## Exercise instructions
Could you return each line from the one bearing "OEM 2021 Ford" through the last line of the entries, exactly as it stands, with no pictures?

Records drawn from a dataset
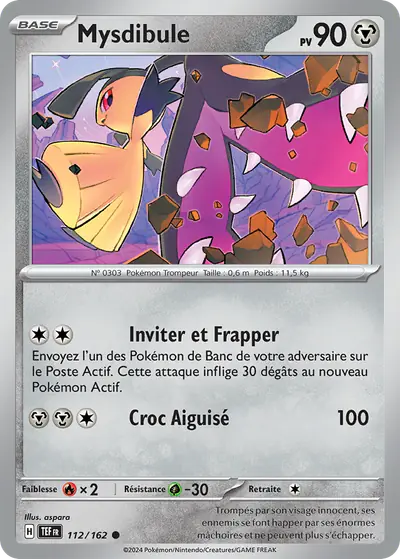 Image de la carte Pokemon Mysdibule 112/162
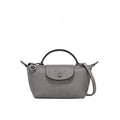 Parisien | Mini Bolso de Piel Gris con Asa
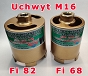 Otwornice diamentowe M16 do betonu Fi 68 mm + Fi 82 mm + Adapter HEX (+ wiertło prowadzące)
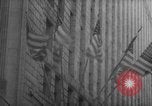 Image of American flags Washington DC USA, 1941, second 19 stock footage video 65675043715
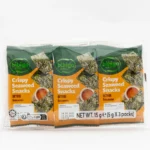 Traškūs jūros dumblių užkandžiai su sezamais, originalaus skonio 15g (3×5g) - Bibigo
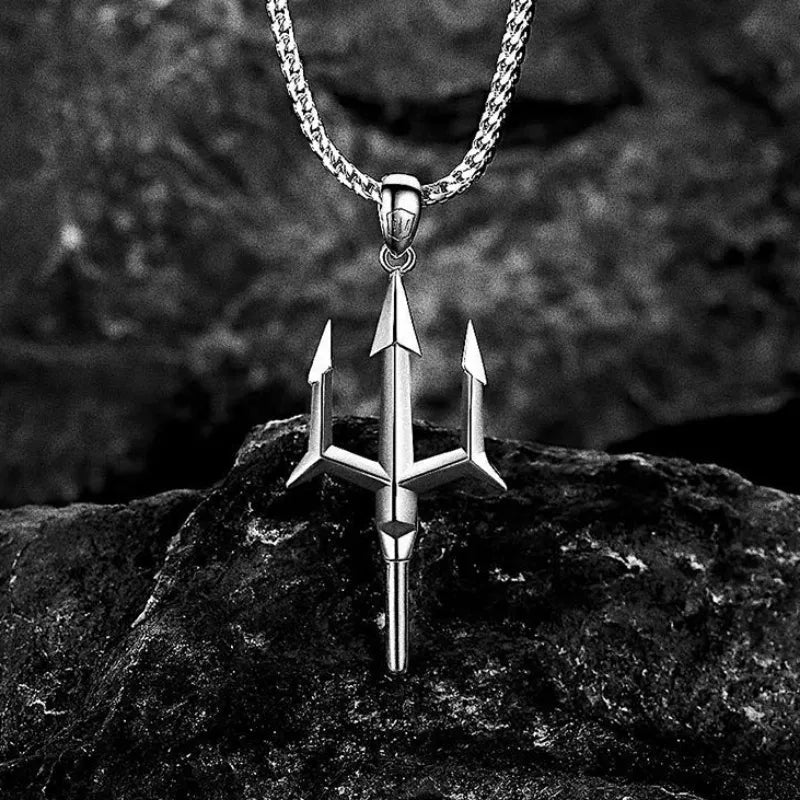 Trident Zeus Necklace - Berserk Jewels Jewelery Jewellery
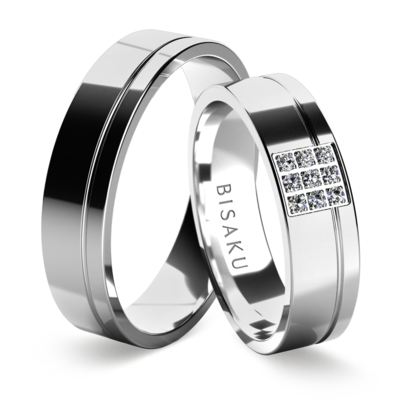 Wedding rings white gold Leander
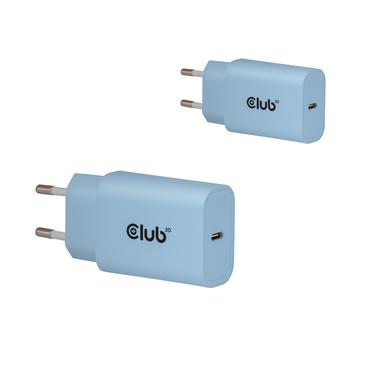 CLUB-3D Ladegerät USB-C,PD,30W, blau 2er-Pack, 15V/2A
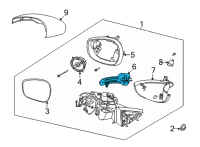 OEM 2021 Ford Mustang Mach-E LAMP ASY Diagram - LJ8Z-13B374-A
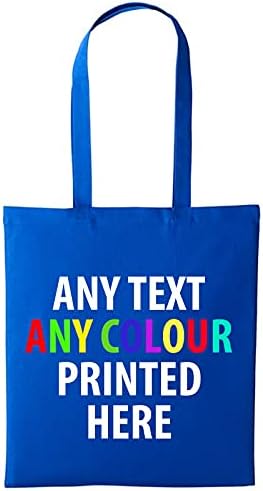 Personalised Tote Shopping Bag Cotton Gym Beach Bridesmaid Hen Do Wedding Custom Tote Bag - Any Text | Any Colour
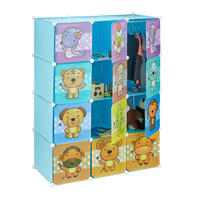 STECKREGAL Kinderzimmer - Multicolor, Kunststoff/Metall (110/145/46.5cm) - Relaxdays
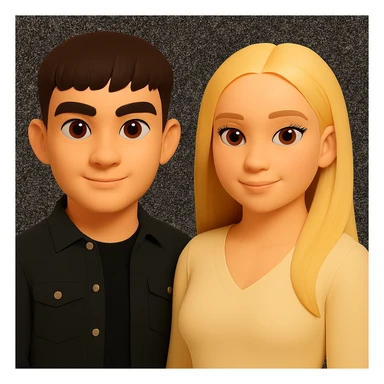 Keep the image as is but slightly space the people apart from each other. Preserve the original style and background exactly. sticker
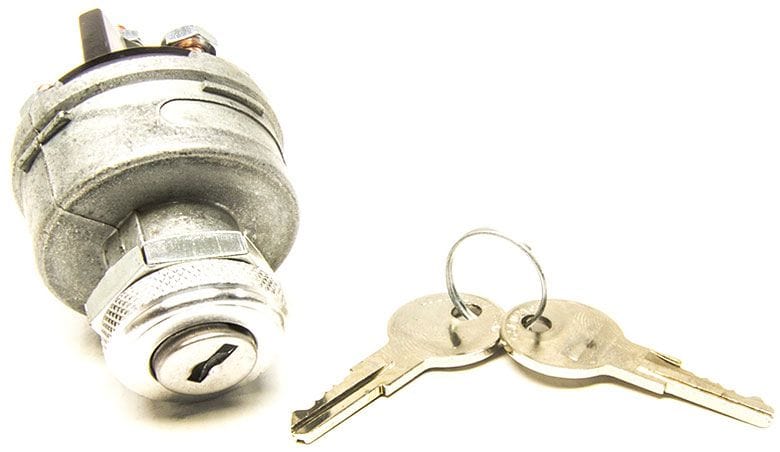 PAINLESS Painless Wiring Universal Dash Mounted Ignition Switch with Keys PW80153 SR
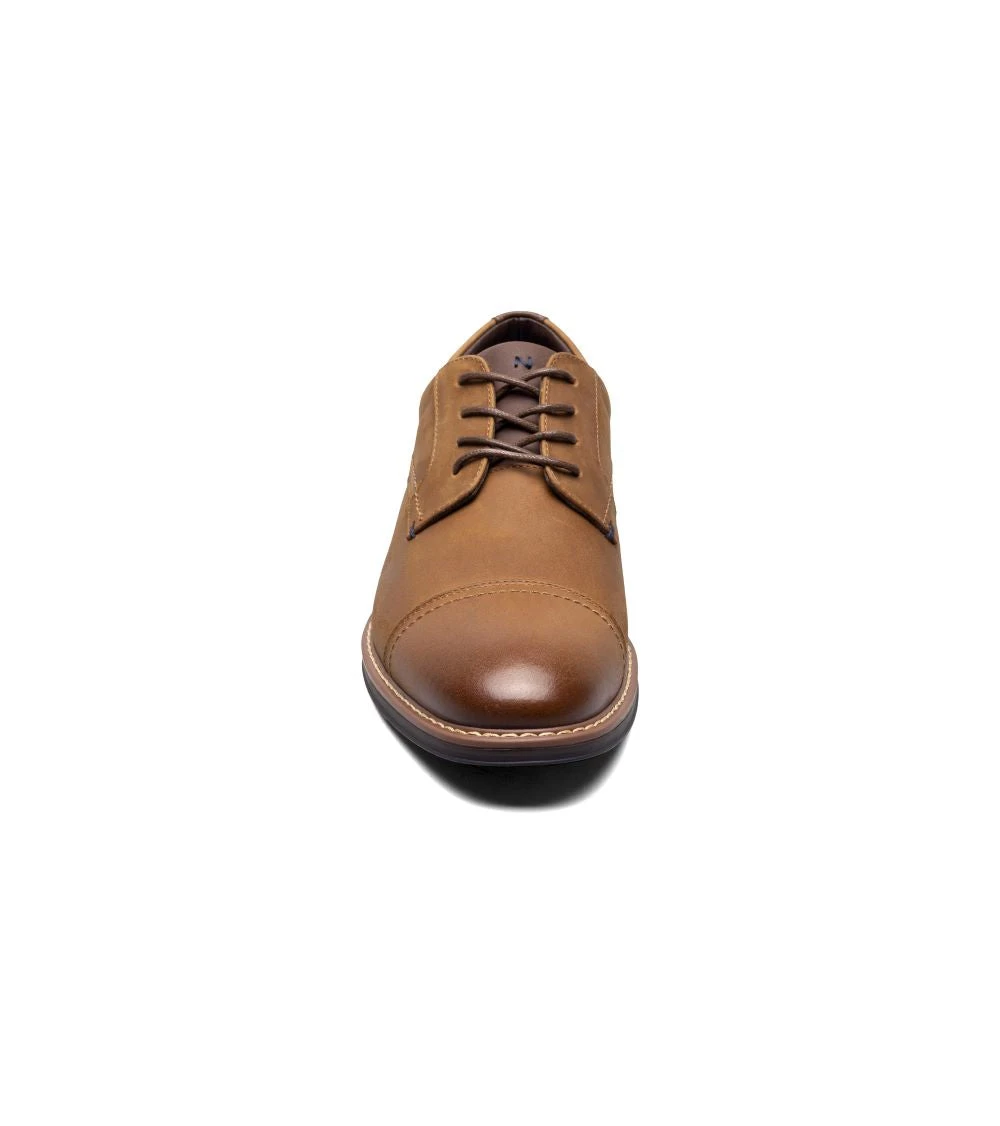 'Nunn Bush' Men's Centro Flex Cap Toe Oxford - Brown - Image 4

## Task response
 OEM 2021 Ford Mustang Mach-E LAMP ASY Diagram - LJ8Z-13B374-A
 Personalised Tote Shopping Bag Cotton Gym Beach Bridesmaid Hen Do Wedding Custom Tote Bag - Any Text | Any Colour
 STECKREGAL Kinderzimmer - Multicolor, Kunststoff/Metall (110/145/46.5cm) - Relaxdays
 Keep the image as is but slightly space the people apart from each other. Preserve the original style and background exactly. sticker
 PAINLESS Painless Wiring Universal Dash Mounted Ignition Switch with Keys PW80153 SR
 'Nunn Bush' Men's Centro Flex Cap Toe Oxford - Brown - Image 4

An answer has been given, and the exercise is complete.